Many variations of legal and physical custody are possible. There may be joint legal custody (in which important decisions are made together by the parents), but one parent has primary physical custody. Or, there may be sole legal custody with that parent also having primary physical custody. Also, there can be a joint legal and physical custody arrangement, such as where the children alternate spending some period of time (often a week) with each parent.

In most cases, a parent without primary physical custody will have defined “parenting time.” (In the past, this may have commonly been referred to as “visitation.” However, Courts now want to avoid the term “visitation” as both parents’ ability to parent their children is important.) In Indiana, there is a presumption that the non-custodial parent will have parenting time as prescribed by the Indiana Parenting Time Guidelines (IPTG). We have copies of the IPTG which you should receive from your attorney or paralegal. At the risk of vastly oversimplifying, the IPTG provides a minimal schedule of parenting time where the non-custodial parent has a minimum of parenting time every other weekend, one mid-week evening per week, alternating major holidays, and a substantial portion of the summer.
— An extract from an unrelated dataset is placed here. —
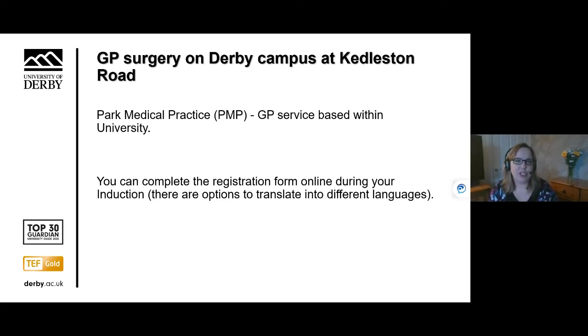There is an on-site GP surgery at Kedleston Road which is called Park Medical Practice. Students often call it PMP for short. This GP practice is the same as any other NHS general practice, except that it only offers its services to students of the University of Derby who live within the city boundary. The GPs and nurses are experienced in meeting the health needs of the student population. You can register online by completing an online registration form, which is available in many different languages. It's a good idea to do so during your induction week if you would like to.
Joint Custody There is no one standard “joint physical custody” arrangement. Some parents alternate weeks with the children, others alternate months. Still others divide the children’s time unequally, but in a manner that meets the needs of each particular family. Parents who work out these arrangements themselves are usually more creative than Courts are when the parents cannot agree. Legal custody, in which the parents share the right to make certain decisions for the children, can also be joint or divided in appropriate cases. Joint custody is not necessarily appropriate in every case, and some judges frown on children not having one home base.